Seit 1998 ist Curling offizieller Olympiawettbewerb, und seitdem rutscht es auch alle vier Jahre in den Fokus der Öffentlichkeit. Vom „Putzfrauensport“ ist dann oft die Rede, weil die Spieler immer wischen wie die Wahnsinnigen, wenn der Stein nicht schnell genug übers Eis schlittert. „Früher waren wir da ein bisschen angegriffen“, sagt Holger Höhne, ein ehemaliger Eishockeyspieler, „aber heute stehen wir da drüber. Jeder, der das sagt, soll mal aufs Eis gehen, der wird schnell sehen: Wir machen keinen Putzfrauensport.“

Höhne ist selbstständiger Optiker, führt in der Füssener Fußgängerzone ein Geschäft. Auch alle anderen sind voll berufstätig, treiben ihren Sport als reines Hobby. Oliver Axnick kommt deshalb extra jeden Freitag aus Zürich angereist, um mit seinen alten Freunden zu trainieren, die er schon aus Schulzeiten kennt. Uli Kapp und Andreas Kempf pendeln von München ins Allgäu. Andy Kapp ist vor Ort, betreibt passenderweise einen Großhandel für Tiefkühlkost.

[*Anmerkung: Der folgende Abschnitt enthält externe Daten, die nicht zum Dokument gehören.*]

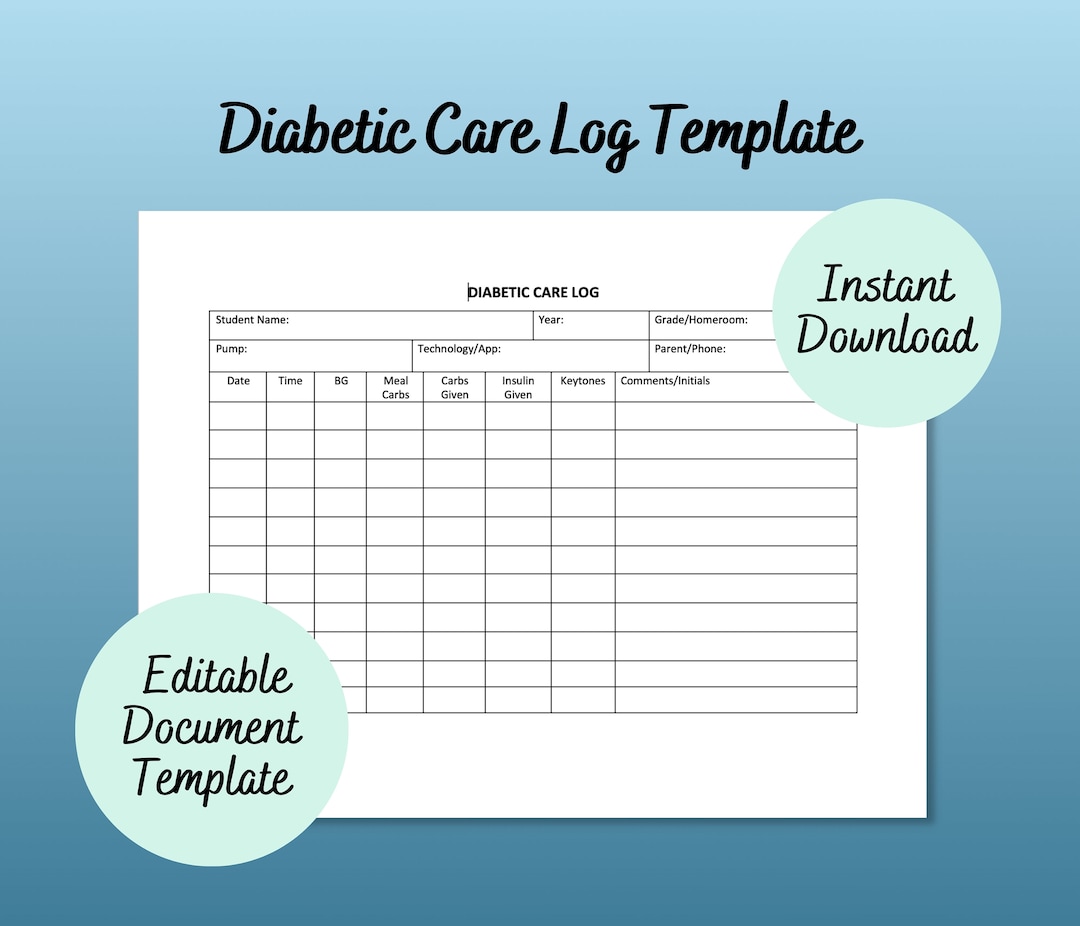School Nurse Diabetic Log Template School Nurse Medication Log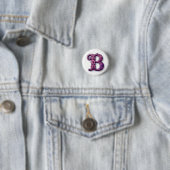 Modern Metallic Rosemaling Letter B, Pink/Purple Button (Beispiel)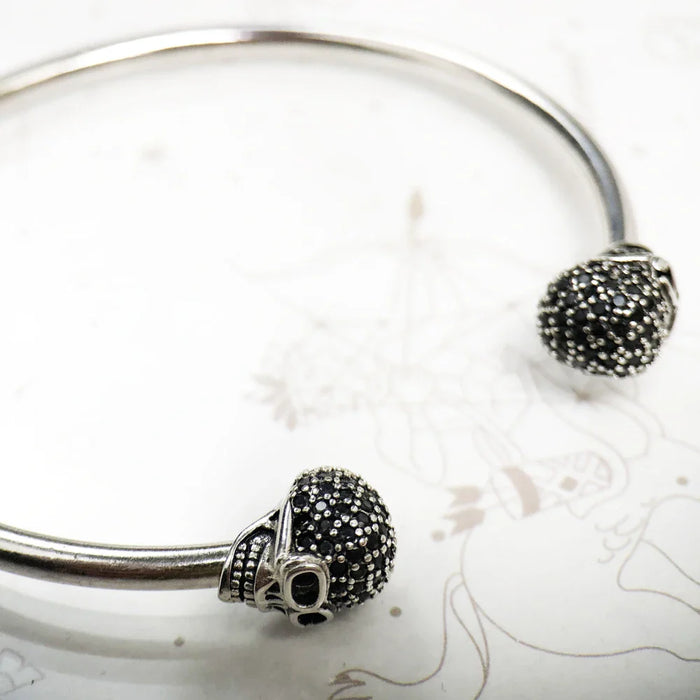 925 Sterling Silver Skull Pave Bracelet Rebel Fashion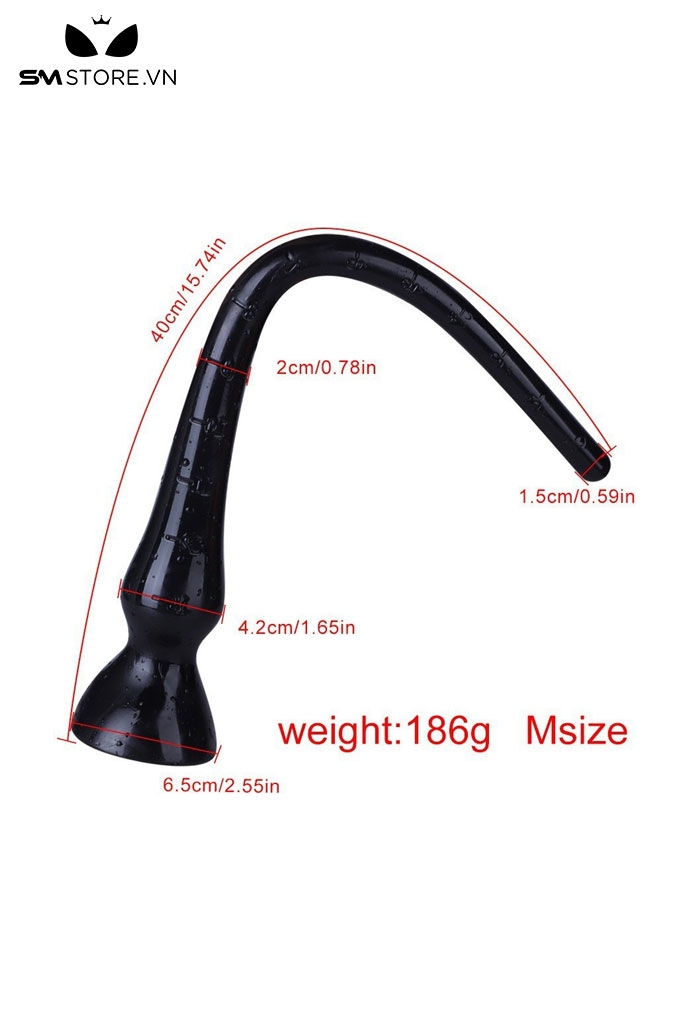 SMT4001 - Long anal silicon có vạch chia trong suốt đế hít tường và 3 size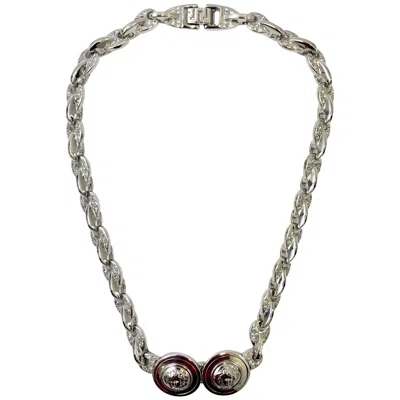 Pre-owned Versace Gianni  Silver Double Medusa Head Necklace With Rhinestones, 1990s
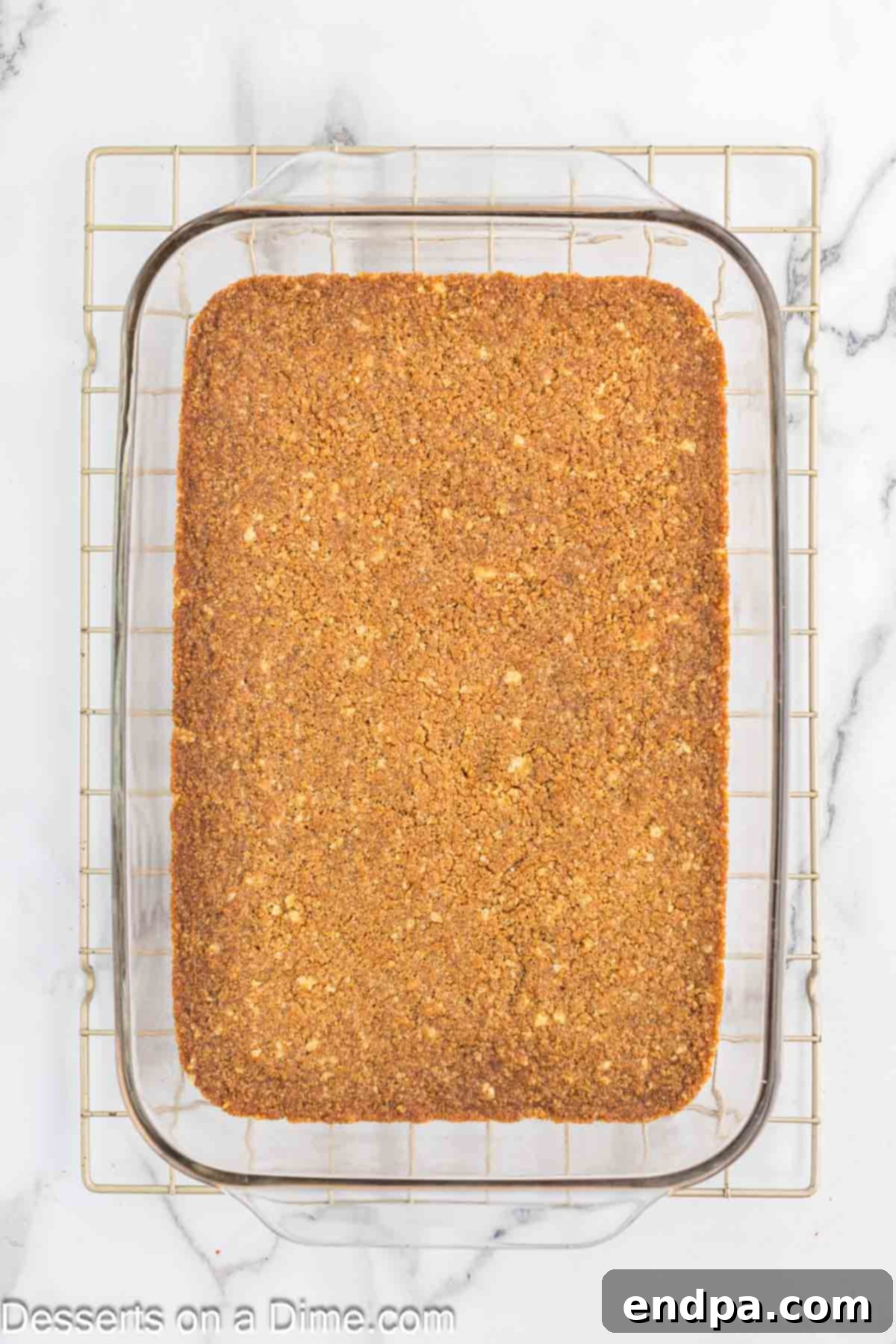 Crust pressed into baking dish and baked.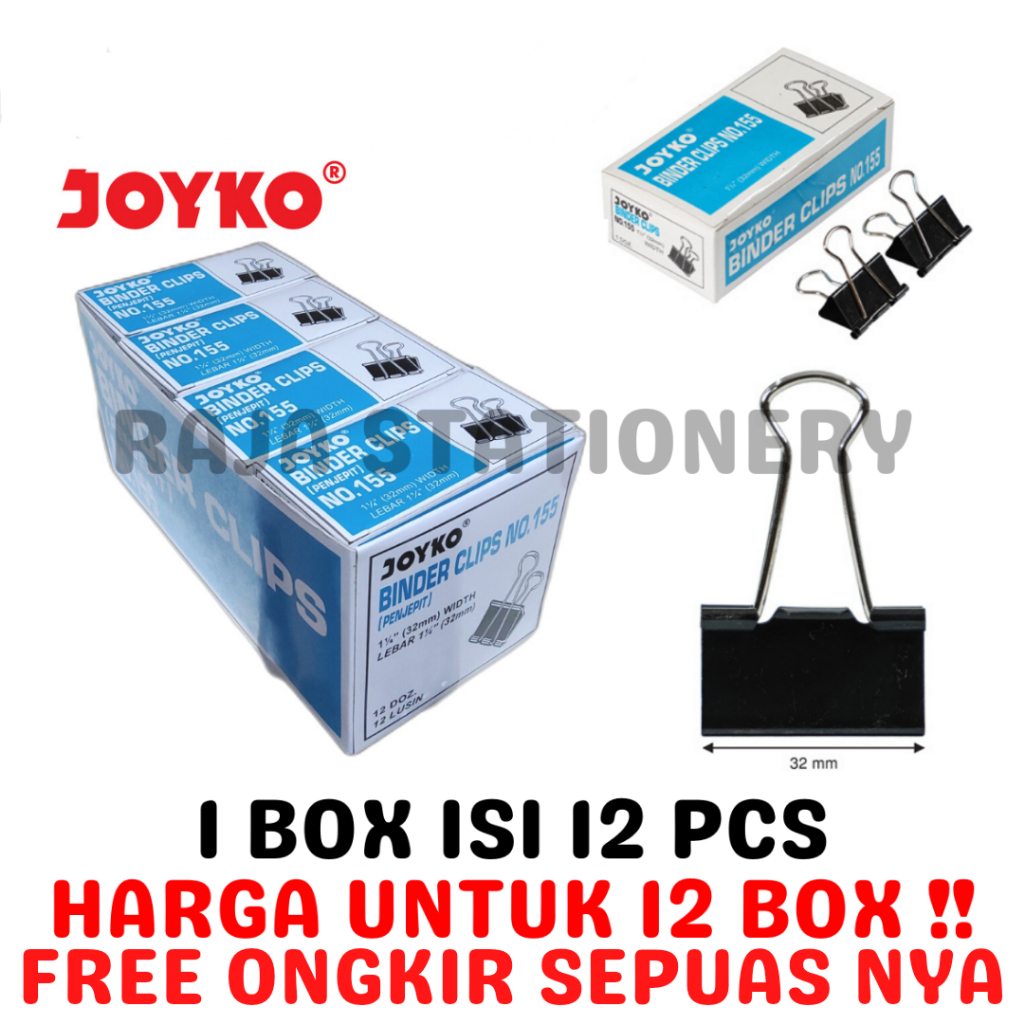 

JOYKO BINDER CLIP 155 SEDANG 32MM KLIK KERTAS JOYKO NO.155 [12BOX]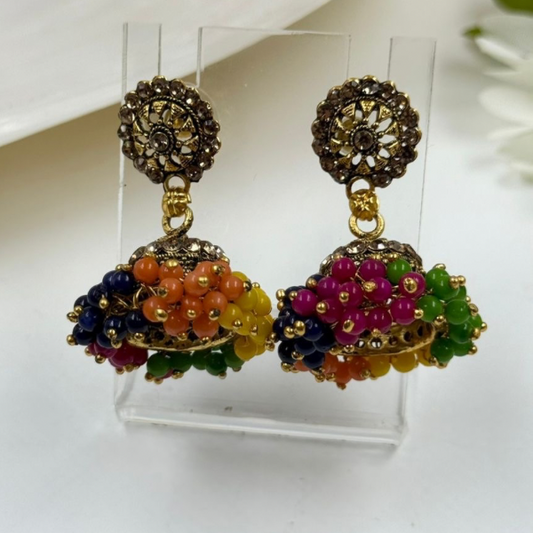 Multicolored Fiesta Jhumka Earrings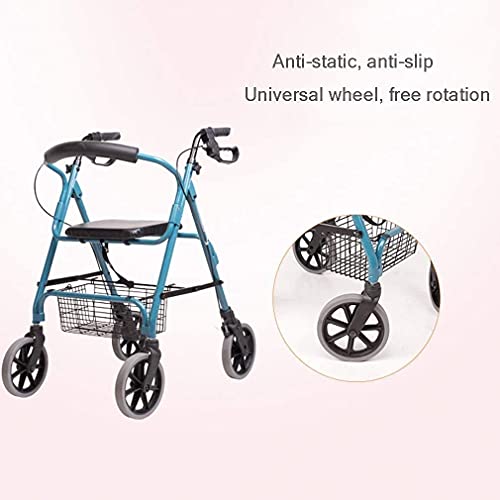 KTDT Andador con Ruedas Mobility Drive Walking Aids 4 Ruedas, Andador con Andador con Sistema de Doble Freno, Andador con Ruedas médico 4 Altura Ajustable Utilizado para Personas Mayores Que Cami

Es ist eine Besonderheit des Curlings, dass eingespielte Vereinsteams die Länder bei Meisterschaften vertreten. Deshalb werden im Vorfeld nationale Qualifikationsturniere gespielt. In dieser Saison setzten sich die Füssener gegen ihre Konkurrenz aus Schwenningen, Hamburg und Oberstdorf durch und buchten so den Zyklus WM, EM 2005 sowie Olympia.

„An jedem Stein ist jeder beteiligt“, erklärt Axnick das Geheimnis der verschworenen Gemeinschaft: „Der Skip, der im House steht und anzeigt, wohin gespielt werden muss. Die beiden Wischer, die den Stein auf seinem Weg zum Ziel begleiten, und schließlich der, der den Stein spielt.“ Der gibt dem knapp 20 Kilo schweren Stein aus schottischem Granit übrigens einen kontrollierten Dreh mit auf den Weg, einen so genannten Curl, daher der Name. Und da jeder Spieler zwei Steine spielen muss, muss auch jeder mal jede Position einnehmen.

1998 in Nagano war das Team Kapp nach vorangegangenen Erfolgen (WM-Vize und Europameister) nur Achter geworden. 2002 haben sie die interne Qualifikation verpasst. Diesmal rechnen sie mindestens mit Platz sechs, wenn es gut läuft, ist Bronze drin. Titelfavorit in Pinerolo ist Rekordweltmeister Kanada, gute Chancen haben das Curling-Mutterland Schottland sowie Titelverteidiger und Europameister Norwegen.

Eine Partie wird über zehn „Ends“ gespielt und kann schon mal zweieinhalb Stunden dauern. Zehn Teams sind am Start, der Modus heißt: jeder gegen jeden. Danach folgen Tiebreak, Halbfinale und Finale. Es ist also ein langer Weg bis zum Ziel. Aber es ist ja ein Hobby.